Le riserve scoperte finora dormono nel sottosuolo di una specie di mezzaluna che percorre l’area padana, la costa adriatica per poi tagliare la Puglia e l’Appennino Lucano (dove è nascosto l’Eldorado italiano, la Val d’Agri e Tempa Rossa) fino alla Sicilia. Il grosso dei giacimenti sta in Basilicata, dove si estraggono quasi 80mila barili al giorno sugli oltre centomila della produzione italiana complessiva. Ma nel giro di quattro anni l’estrazione lucana è destinata a raddoppiare. In base agli accordi con la Regione, entro il 2012 dai campi di Pisticci e Viggiano si estrarranno 150.000 barili al giorno. Di questi, 20.000 barili proverranno dallo sviluppo delle attività di Agip nei campi già attivi in Val d’Agri e circa 50.000 dal secondo centro oil, quello di Tempa Rossa, operato da Total (50%), Esso e Shell (25% a testa). Ma stanno emergendo nuove zone interessanti: le più appetitose sono al largo della costa ionica della Calabria, la Sicilia occidentale, il braccio di mare tra la Sicilia e Malta. La maggior parte delle perforazioni esplorative si concentra in Emilia Romagna, Basilicata, Abruzzo, Lombardia e Piemonte. In mare, si cerca soprattutto in Adriatico, Ionio e nel Canale di Sicilia. L’anno scorso la produzione domestica di petrolio si è attestata a 42,6 milioni di barili. Il 74% viene dalla Basilicata.

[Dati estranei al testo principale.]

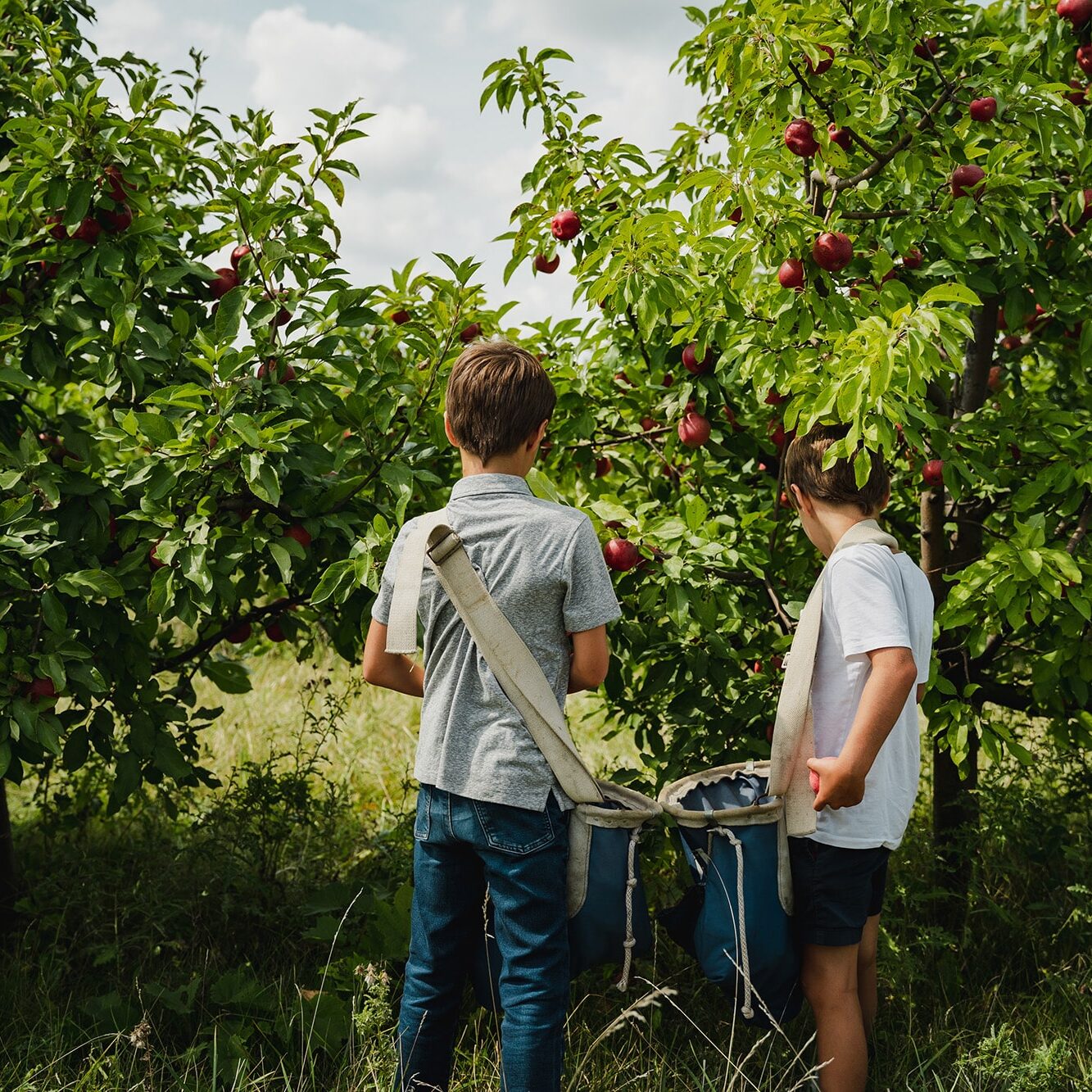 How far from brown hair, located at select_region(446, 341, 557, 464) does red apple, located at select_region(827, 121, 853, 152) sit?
1.26 m

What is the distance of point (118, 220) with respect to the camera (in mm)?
2627

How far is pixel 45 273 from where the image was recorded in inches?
110

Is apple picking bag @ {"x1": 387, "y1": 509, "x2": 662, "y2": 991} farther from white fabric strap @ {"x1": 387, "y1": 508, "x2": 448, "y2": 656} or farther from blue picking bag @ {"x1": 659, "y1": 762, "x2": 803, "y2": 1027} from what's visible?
blue picking bag @ {"x1": 659, "y1": 762, "x2": 803, "y2": 1027}

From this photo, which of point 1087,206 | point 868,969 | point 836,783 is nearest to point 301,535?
point 836,783

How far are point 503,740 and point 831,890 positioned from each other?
0.73m

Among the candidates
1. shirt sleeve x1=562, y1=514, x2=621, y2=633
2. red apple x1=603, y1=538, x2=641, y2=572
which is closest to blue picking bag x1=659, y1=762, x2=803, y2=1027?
shirt sleeve x1=562, y1=514, x2=621, y2=633

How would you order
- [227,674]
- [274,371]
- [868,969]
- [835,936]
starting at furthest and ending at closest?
[227,674] < [274,371] < [868,969] < [835,936]

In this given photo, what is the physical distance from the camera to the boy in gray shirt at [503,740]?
1871mm

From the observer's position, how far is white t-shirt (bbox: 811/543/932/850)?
200cm

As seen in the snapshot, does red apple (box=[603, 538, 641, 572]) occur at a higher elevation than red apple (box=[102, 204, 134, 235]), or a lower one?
lower

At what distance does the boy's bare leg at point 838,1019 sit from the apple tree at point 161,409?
3.98 feet

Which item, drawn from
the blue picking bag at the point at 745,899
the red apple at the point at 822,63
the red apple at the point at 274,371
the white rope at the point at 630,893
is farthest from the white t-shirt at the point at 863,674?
the red apple at the point at 274,371

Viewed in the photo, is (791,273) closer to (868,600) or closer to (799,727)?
(868,600)

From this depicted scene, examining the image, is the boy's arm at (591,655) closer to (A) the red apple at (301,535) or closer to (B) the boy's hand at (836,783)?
(B) the boy's hand at (836,783) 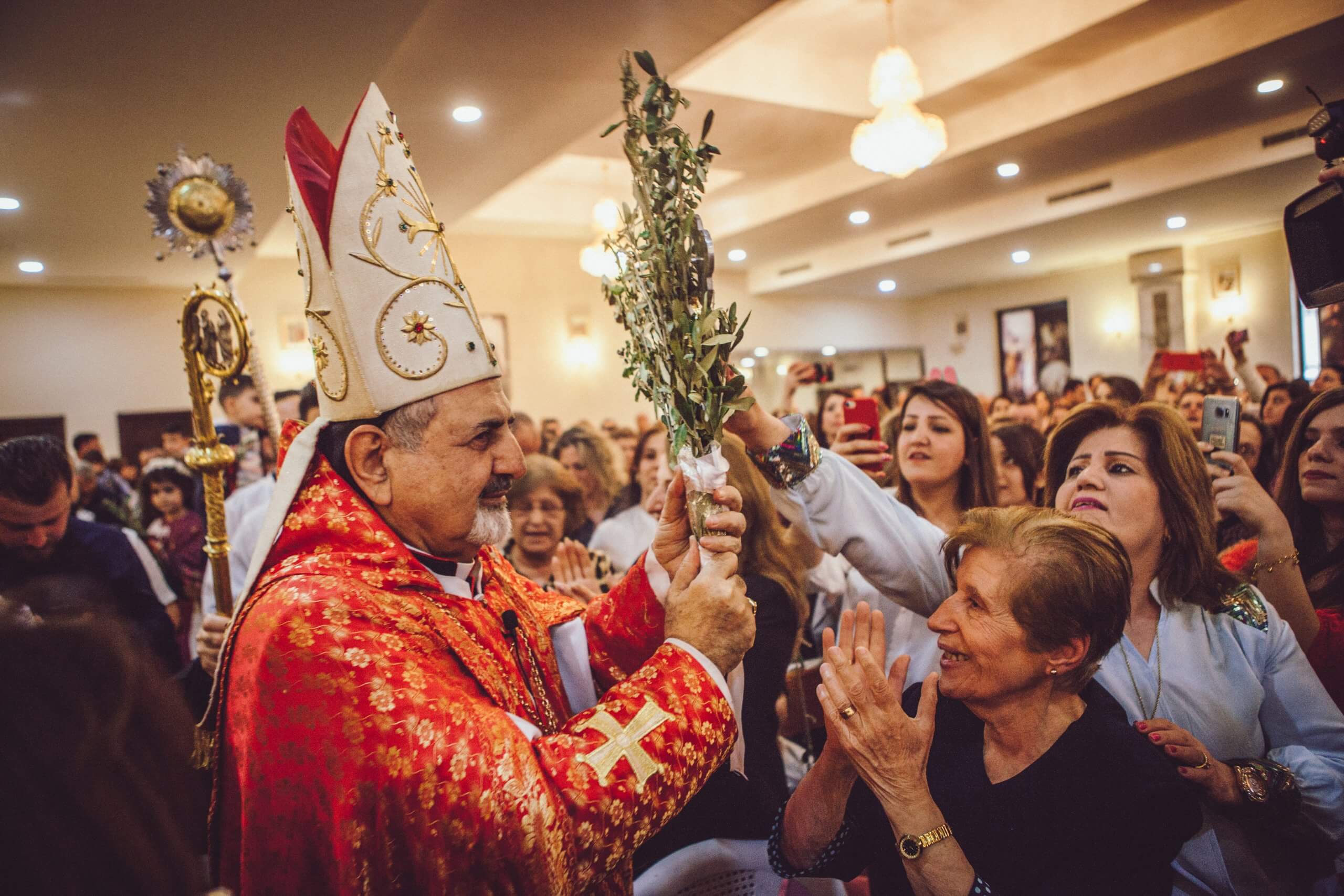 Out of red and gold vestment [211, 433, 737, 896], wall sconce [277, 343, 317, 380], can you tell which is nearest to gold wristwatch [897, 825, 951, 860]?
red and gold vestment [211, 433, 737, 896]

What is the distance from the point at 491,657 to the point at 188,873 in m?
0.76

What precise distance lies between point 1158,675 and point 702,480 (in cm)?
122

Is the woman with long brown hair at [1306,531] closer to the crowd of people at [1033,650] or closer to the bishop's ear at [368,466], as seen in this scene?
the crowd of people at [1033,650]

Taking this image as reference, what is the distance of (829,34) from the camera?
7102 millimetres

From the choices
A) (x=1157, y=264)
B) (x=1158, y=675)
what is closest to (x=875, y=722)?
(x=1158, y=675)

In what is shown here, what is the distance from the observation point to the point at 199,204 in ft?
8.65

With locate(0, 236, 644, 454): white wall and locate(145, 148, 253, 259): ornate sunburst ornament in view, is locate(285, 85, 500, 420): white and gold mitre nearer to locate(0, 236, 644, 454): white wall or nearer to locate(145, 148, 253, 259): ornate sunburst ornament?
locate(145, 148, 253, 259): ornate sunburst ornament

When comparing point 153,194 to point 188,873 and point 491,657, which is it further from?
point 188,873

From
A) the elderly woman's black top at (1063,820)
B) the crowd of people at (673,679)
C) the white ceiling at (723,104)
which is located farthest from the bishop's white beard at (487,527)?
the white ceiling at (723,104)

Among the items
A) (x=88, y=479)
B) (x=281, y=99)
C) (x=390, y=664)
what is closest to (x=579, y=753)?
(x=390, y=664)

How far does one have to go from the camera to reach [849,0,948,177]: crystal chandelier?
598cm

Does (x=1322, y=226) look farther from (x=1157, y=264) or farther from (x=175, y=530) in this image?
(x=1157, y=264)

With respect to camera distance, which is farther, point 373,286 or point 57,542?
point 57,542

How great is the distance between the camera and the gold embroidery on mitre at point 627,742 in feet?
3.92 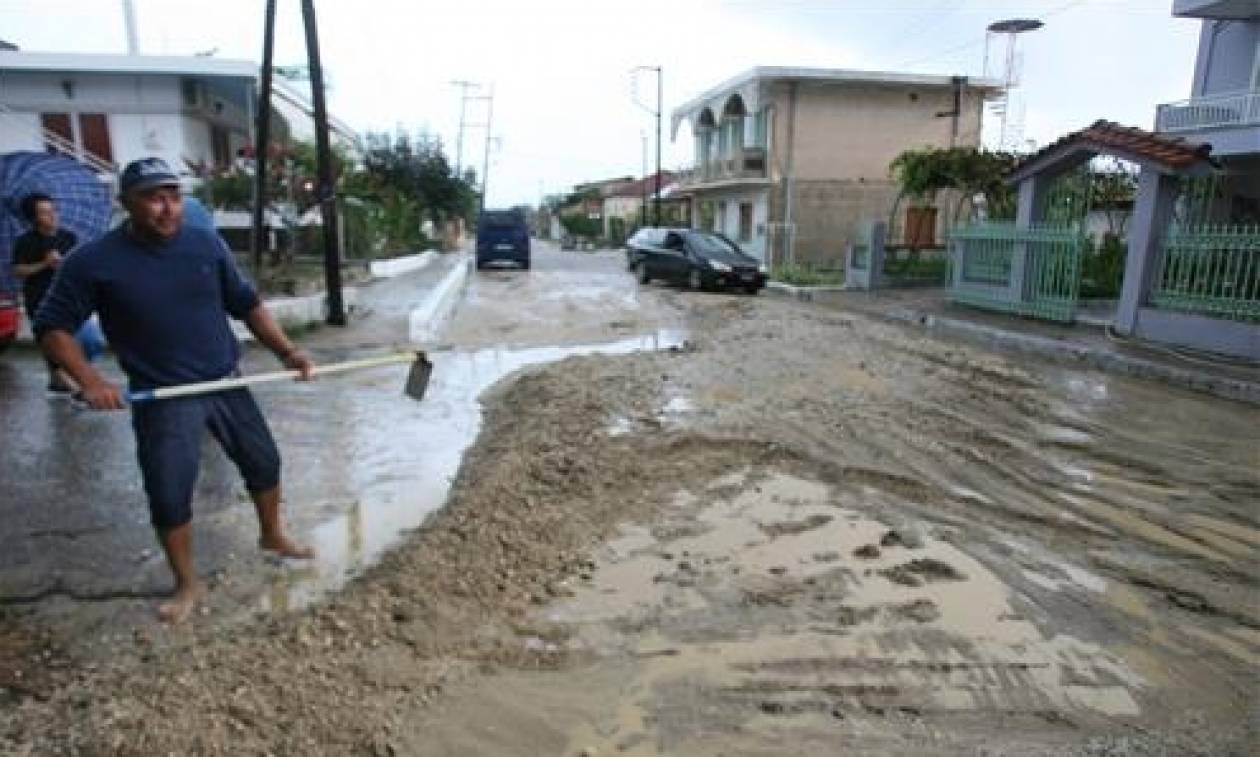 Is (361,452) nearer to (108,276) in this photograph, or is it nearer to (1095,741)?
(108,276)

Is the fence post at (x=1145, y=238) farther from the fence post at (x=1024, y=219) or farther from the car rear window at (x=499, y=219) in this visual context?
the car rear window at (x=499, y=219)

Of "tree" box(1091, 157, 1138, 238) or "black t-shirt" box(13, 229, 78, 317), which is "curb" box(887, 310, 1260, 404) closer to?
"tree" box(1091, 157, 1138, 238)

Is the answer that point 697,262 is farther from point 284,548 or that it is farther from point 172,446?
point 172,446

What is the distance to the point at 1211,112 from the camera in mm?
18219

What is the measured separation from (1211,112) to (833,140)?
13029mm

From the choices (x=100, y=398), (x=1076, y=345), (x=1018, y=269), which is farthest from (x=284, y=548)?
(x=1018, y=269)

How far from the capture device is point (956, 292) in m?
16.4

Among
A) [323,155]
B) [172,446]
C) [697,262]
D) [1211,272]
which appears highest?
[323,155]

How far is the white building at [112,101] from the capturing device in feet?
74.0

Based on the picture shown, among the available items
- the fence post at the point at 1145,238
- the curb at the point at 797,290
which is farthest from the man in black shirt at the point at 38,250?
the curb at the point at 797,290

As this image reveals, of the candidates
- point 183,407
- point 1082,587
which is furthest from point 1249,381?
point 183,407

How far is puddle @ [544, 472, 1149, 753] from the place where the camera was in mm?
3084

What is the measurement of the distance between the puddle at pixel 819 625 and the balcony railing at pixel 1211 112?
16750 millimetres

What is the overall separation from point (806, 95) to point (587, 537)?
91.7ft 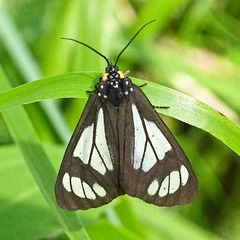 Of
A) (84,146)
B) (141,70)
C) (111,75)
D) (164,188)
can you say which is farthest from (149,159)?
(141,70)

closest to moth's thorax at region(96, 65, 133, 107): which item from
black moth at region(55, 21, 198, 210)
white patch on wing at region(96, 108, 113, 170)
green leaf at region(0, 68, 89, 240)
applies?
black moth at region(55, 21, 198, 210)

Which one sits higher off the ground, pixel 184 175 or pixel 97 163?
pixel 97 163

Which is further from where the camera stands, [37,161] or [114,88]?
[114,88]

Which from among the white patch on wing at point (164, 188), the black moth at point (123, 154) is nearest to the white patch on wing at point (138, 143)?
the black moth at point (123, 154)

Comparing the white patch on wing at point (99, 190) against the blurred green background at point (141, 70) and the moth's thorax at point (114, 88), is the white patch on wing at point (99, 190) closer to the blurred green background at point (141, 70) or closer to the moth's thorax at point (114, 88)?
the blurred green background at point (141, 70)

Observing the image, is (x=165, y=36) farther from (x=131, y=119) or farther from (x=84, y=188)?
(x=84, y=188)

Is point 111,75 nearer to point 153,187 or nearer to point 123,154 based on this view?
point 123,154

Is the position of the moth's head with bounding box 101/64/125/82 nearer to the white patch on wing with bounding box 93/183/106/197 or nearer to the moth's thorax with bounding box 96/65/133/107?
the moth's thorax with bounding box 96/65/133/107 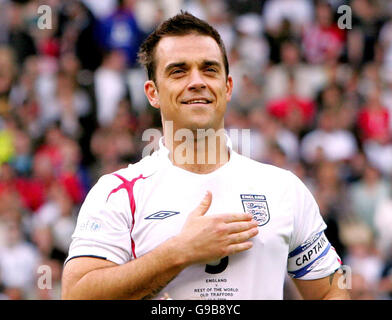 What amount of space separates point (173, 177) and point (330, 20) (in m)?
8.55

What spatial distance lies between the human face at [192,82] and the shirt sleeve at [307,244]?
0.57 metres

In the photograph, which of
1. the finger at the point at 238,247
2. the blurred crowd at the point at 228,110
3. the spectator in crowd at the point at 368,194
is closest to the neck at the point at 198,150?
the finger at the point at 238,247

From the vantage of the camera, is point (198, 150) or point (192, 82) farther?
point (198, 150)

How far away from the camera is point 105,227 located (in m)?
3.78

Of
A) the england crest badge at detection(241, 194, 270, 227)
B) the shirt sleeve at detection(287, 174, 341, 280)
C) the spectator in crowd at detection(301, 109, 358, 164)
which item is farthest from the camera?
the spectator in crowd at detection(301, 109, 358, 164)

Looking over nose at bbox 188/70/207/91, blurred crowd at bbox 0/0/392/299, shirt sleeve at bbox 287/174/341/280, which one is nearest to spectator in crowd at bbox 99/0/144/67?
blurred crowd at bbox 0/0/392/299

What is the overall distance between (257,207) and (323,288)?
0.57 m

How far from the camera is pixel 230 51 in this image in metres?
11.3

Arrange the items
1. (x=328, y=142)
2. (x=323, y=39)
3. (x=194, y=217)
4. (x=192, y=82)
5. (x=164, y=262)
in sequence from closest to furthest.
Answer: (x=164, y=262) < (x=194, y=217) < (x=192, y=82) < (x=328, y=142) < (x=323, y=39)

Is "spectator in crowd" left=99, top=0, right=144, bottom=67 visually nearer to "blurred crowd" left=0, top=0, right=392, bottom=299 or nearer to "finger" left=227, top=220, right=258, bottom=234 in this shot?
"blurred crowd" left=0, top=0, right=392, bottom=299

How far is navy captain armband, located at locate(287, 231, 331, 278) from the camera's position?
13.2 feet

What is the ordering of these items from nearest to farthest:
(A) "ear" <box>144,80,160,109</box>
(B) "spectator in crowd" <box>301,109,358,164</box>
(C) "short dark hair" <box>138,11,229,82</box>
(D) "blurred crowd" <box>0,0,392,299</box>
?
(C) "short dark hair" <box>138,11,229,82</box> < (A) "ear" <box>144,80,160,109</box> < (D) "blurred crowd" <box>0,0,392,299</box> < (B) "spectator in crowd" <box>301,109,358,164</box>

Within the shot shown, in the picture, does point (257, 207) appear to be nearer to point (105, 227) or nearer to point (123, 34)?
point (105, 227)

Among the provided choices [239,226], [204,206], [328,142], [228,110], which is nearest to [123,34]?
[228,110] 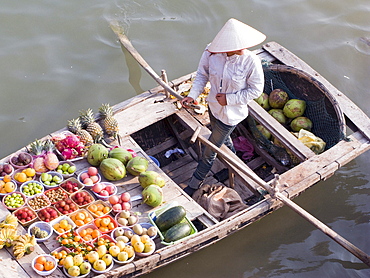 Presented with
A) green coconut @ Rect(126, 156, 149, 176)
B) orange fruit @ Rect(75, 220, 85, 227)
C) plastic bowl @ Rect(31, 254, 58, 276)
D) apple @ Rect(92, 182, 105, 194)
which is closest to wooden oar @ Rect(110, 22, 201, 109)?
green coconut @ Rect(126, 156, 149, 176)

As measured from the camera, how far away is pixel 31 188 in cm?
491

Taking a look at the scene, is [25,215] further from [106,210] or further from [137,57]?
[137,57]

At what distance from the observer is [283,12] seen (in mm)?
9164

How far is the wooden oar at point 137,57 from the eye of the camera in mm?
5809

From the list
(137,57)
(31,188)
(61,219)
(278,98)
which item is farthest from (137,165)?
(278,98)

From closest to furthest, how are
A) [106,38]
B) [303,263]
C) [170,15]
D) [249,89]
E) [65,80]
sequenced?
1. [249,89]
2. [303,263]
3. [65,80]
4. [106,38]
5. [170,15]

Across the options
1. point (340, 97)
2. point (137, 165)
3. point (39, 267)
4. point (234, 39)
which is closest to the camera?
point (39, 267)

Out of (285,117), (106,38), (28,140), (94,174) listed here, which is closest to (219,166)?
(285,117)

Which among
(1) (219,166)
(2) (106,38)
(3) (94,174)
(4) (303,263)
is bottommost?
(4) (303,263)

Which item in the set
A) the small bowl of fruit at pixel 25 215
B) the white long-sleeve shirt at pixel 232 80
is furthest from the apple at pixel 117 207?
the white long-sleeve shirt at pixel 232 80

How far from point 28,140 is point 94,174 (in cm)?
215

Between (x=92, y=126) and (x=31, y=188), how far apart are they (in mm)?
1016

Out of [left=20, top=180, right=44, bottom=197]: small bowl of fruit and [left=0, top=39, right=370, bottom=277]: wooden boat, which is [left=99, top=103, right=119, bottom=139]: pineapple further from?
[left=20, top=180, right=44, bottom=197]: small bowl of fruit

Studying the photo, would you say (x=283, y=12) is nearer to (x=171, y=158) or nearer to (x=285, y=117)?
(x=285, y=117) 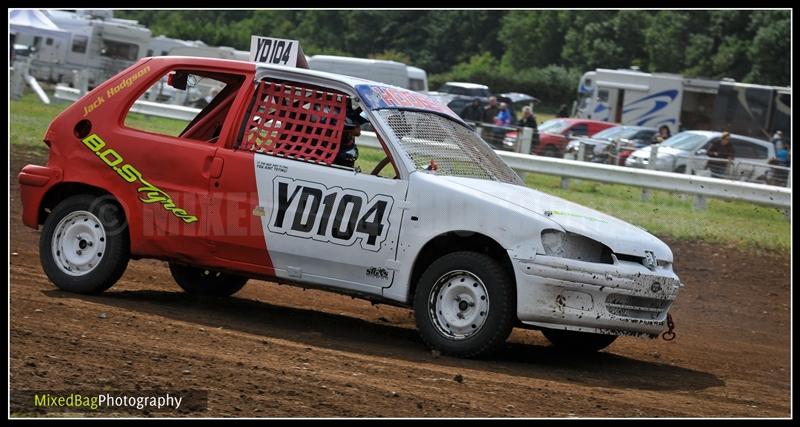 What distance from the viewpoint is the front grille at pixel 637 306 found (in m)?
6.86

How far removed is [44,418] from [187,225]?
300 centimetres

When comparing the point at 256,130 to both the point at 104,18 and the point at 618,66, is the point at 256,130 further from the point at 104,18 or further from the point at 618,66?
the point at 618,66

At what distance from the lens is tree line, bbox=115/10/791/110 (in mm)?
49281

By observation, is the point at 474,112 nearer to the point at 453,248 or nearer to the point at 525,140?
the point at 525,140

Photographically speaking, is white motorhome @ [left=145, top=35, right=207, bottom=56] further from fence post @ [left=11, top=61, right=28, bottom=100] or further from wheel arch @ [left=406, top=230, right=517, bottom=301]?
wheel arch @ [left=406, top=230, right=517, bottom=301]

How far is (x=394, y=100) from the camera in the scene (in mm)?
7676

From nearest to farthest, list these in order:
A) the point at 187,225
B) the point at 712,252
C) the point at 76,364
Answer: the point at 76,364, the point at 187,225, the point at 712,252

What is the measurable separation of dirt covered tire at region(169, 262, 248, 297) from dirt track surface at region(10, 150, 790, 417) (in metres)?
0.12

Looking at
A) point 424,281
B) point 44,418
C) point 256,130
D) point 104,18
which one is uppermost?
point 104,18

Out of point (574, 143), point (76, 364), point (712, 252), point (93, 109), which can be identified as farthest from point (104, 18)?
point (76, 364)

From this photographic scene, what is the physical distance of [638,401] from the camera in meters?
6.12

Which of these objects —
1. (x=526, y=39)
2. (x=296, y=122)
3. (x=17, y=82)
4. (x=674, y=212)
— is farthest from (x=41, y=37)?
(x=296, y=122)

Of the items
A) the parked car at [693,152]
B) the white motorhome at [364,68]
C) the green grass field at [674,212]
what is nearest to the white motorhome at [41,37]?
the white motorhome at [364,68] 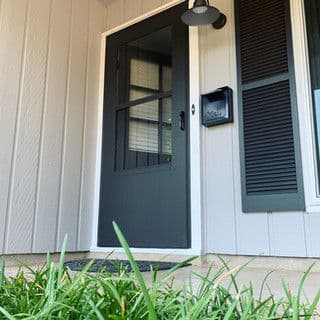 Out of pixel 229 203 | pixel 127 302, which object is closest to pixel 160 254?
pixel 229 203

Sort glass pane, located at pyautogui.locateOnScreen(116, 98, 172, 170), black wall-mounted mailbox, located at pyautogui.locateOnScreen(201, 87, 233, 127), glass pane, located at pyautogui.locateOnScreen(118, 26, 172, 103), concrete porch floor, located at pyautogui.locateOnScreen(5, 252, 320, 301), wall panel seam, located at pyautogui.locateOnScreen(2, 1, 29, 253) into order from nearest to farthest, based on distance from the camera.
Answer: concrete porch floor, located at pyautogui.locateOnScreen(5, 252, 320, 301) → black wall-mounted mailbox, located at pyautogui.locateOnScreen(201, 87, 233, 127) → wall panel seam, located at pyautogui.locateOnScreen(2, 1, 29, 253) → glass pane, located at pyautogui.locateOnScreen(116, 98, 172, 170) → glass pane, located at pyautogui.locateOnScreen(118, 26, 172, 103)

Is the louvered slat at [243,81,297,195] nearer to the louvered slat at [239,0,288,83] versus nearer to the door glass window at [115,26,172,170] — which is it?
the louvered slat at [239,0,288,83]

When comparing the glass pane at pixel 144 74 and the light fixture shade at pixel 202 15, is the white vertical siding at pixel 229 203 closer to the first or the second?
the light fixture shade at pixel 202 15

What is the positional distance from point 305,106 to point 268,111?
8.9 inches

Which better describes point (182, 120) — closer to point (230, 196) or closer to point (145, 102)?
point (145, 102)

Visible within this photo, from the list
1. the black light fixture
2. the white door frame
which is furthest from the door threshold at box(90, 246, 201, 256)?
the black light fixture

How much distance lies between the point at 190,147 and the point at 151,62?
88 cm

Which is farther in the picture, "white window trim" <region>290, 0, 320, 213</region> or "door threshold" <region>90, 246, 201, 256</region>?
"door threshold" <region>90, 246, 201, 256</region>

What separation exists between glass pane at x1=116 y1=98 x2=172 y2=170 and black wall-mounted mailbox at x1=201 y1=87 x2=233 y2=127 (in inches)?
12.8

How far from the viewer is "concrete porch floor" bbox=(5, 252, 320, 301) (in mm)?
1482

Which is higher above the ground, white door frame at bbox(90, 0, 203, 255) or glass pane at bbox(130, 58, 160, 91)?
glass pane at bbox(130, 58, 160, 91)

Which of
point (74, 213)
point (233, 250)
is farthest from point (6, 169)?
point (233, 250)

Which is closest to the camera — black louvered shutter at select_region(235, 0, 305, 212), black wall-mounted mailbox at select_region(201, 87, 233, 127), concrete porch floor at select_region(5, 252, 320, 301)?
concrete porch floor at select_region(5, 252, 320, 301)

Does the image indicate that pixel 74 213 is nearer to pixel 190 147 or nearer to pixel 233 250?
pixel 190 147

A seguire, i campi offshore (con un peso del 13%), la Sicilia (9%) e il Piemonte (2%). Considerando un prezzo medio annuo di 51 euro a barile per il greggio italiano, il valore complessivo supera i 2,17 miliardi. Quanto al gas naturale, la produzione è stata di 9,6 miliardi di metri cubi per un totale di 2,33 miliardi di euro. Il bilancio 2008 sarà più ghiotto, visto il varo-greggio.